Flag of Weihaiwei


The flag of Weihaiwei was the flag used by the British leased territory of Weihaiwei, during British rule between 1903 and 1930. The flag consisted of a British blue ensign with a pair of Mandarin ducks on it.

History

In 1898, the Empire of China leased the port of Weihaiwei to the British Empire for 25 years. During the first few years, there was no individual flag for Weihaiwei. However, the Commissioners of Weihaiwei in Liu-kung Tao used a Union Jack combined with a badge of a Chinese imperial dragon on a yellow background. In 1902, the new civil Commissioner for Weihaiwei James Stewart Lockhart wrote to the Colonial Office requesting a new flag for the territory as he felt that it was inappropriate to use a Chinese national symbol on a British flag and suggested using Mandarin ducks instead.. He wrote to them stating:
"The design of the flag hitherto used by the Commissioner of this Dependency is a dragon on the Union Jack and is in my opinion quite unsuitable. I have therefore to request that the Crown Agents may be instructed to have made for the use of the Commissioner two new flags, the device of the Mandarin Duck being substituted for the Dragon, which is as you are aware the national emblem of China and not appropriate in the case of a British Dependency".

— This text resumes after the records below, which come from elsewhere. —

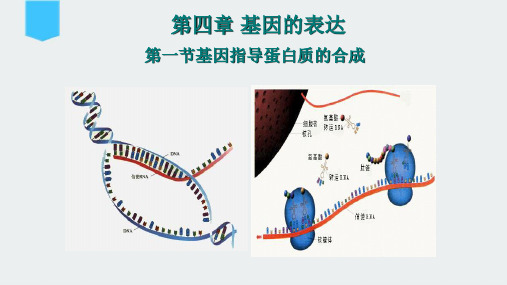 高中生物必修二《基因指导蛋白质的合成》PPT课件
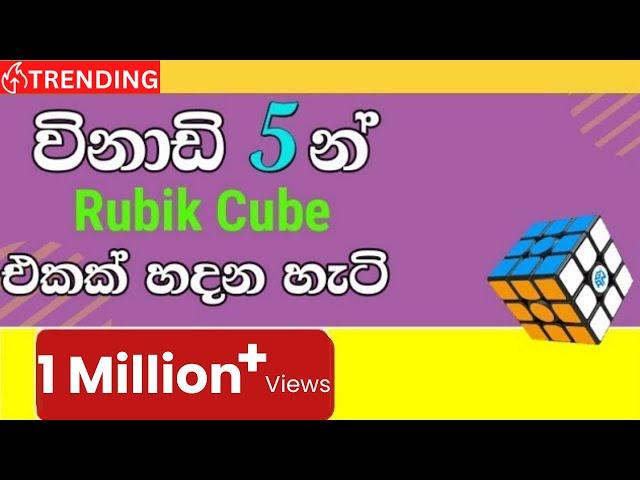 How to solve the Rubik cube in 5 minutes (Sinhala)   (1 Million+ Views)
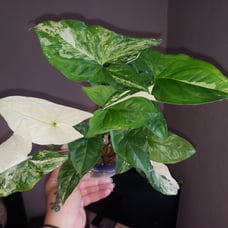 Large Syngonium albo w/ great variegation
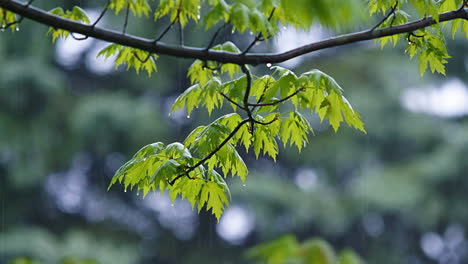Ständiger-Regen-Fällt-Auf-Äste-Mit-Blättern---Echtzeit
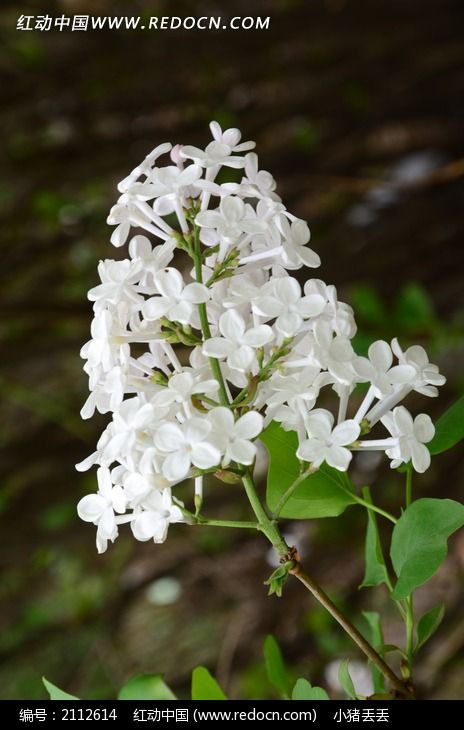 一支白色的清香丁香花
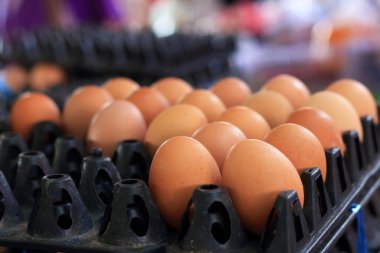 kahverengi yumurta çiftliği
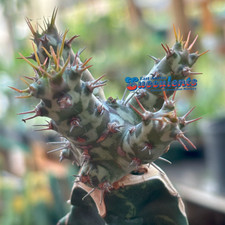 single succulents for sale  Austin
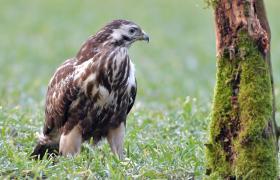 Buteo buteo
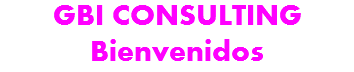 GBI CONSULTING Bienvenidos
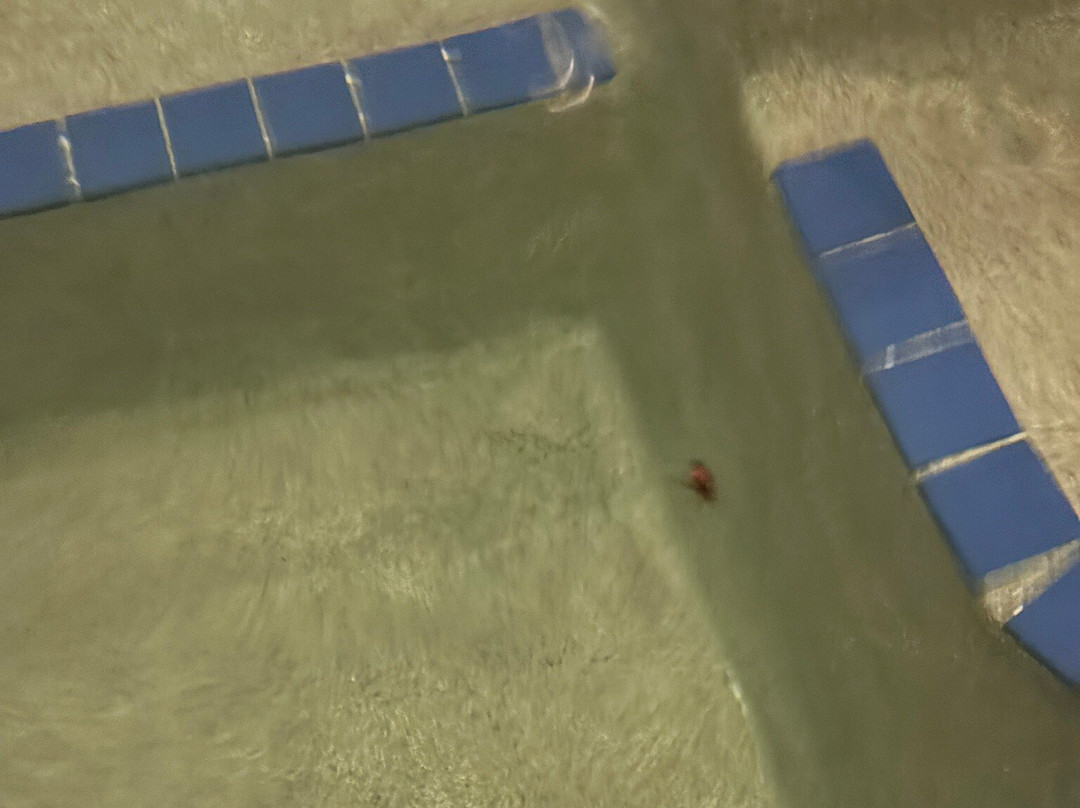 伊根明尼苏达戴斯酒店-近美国购物中心主图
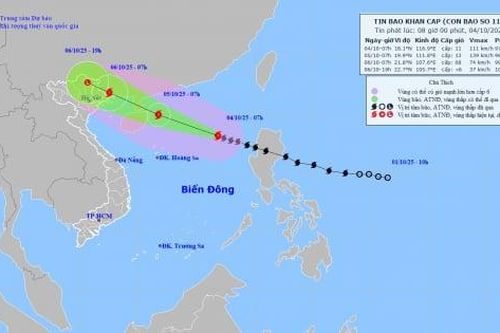 EVNNPT yêu cầu các đơn vị chủ động ứng phó với bão số 11 và hoàn lưu bão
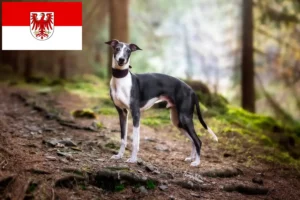 Scopri di più sull'articolo Allevatori di Whippet e cuccioli a Brandeburgo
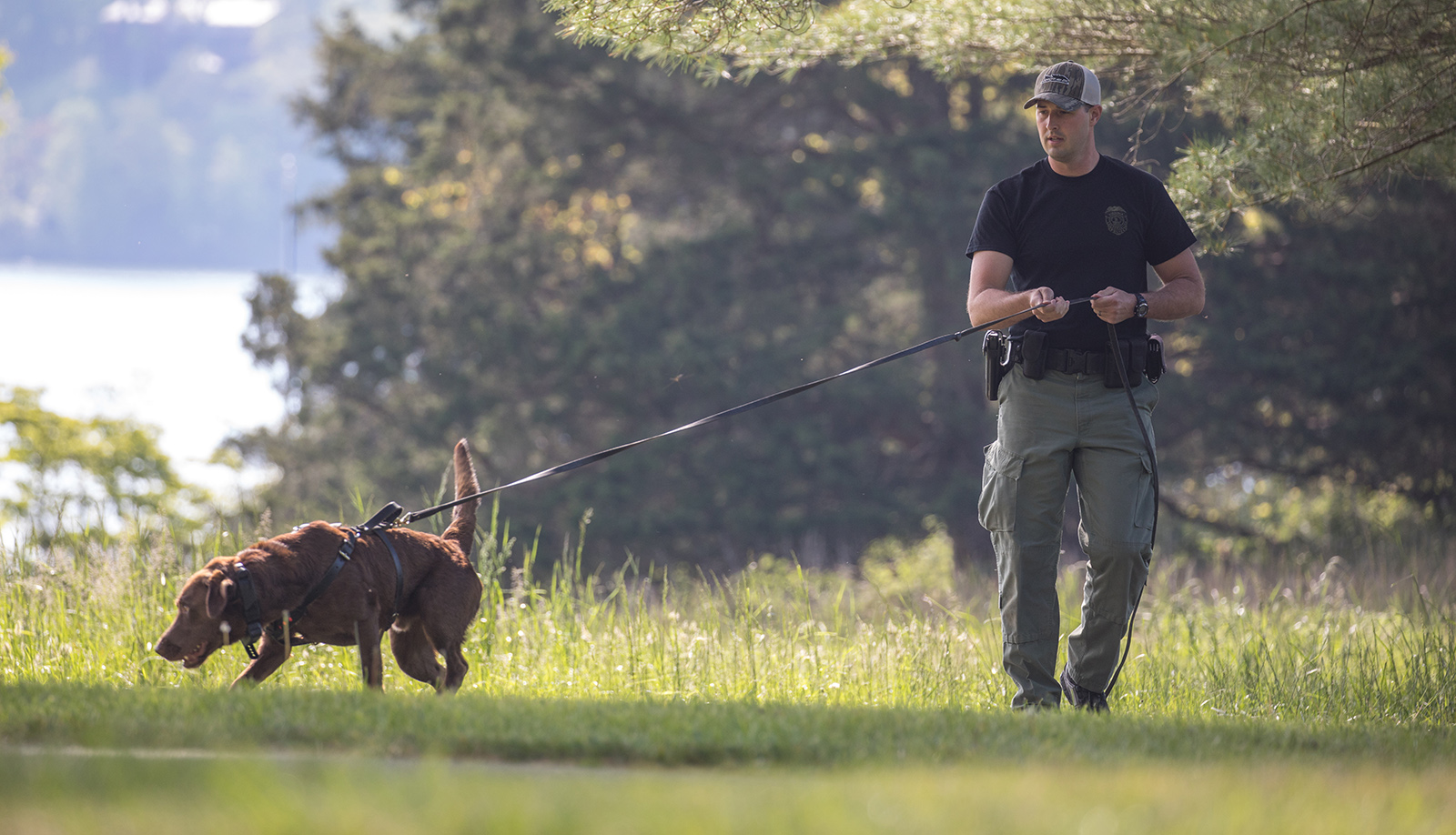 Une photo d'un homme en uniforme des forces de l'ordre tenant une longue laisse à laquelle est attaché un gros chien marron par un harnais.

Following the letter, King Edward VII approved the change of design of the flag for both the Commissioner's flag and the blue ensign in 1903. He also provided for the flag to be used for merchant shipping as the merchant ensign. In 1930, when the lease did expire following negotiations with the Republic of China, it was the British flag that was lowered at the handover ceremony and not the flag of Weihaiwei.

Design

The flag was designed as a British blue ensign defaced with a badge of two Mandarin ducks. The ducks consist of a male in the foreground and a female in the background drinking from a stream while standing on a reed-covered bank.
Mandarin ducks were chosen to replace the Chinese imperial dragon on the flag, in keeping with the British colonial tradition of selecting animals on colonial flags that reflected the ubiquity of the local wildlife within the respective territories.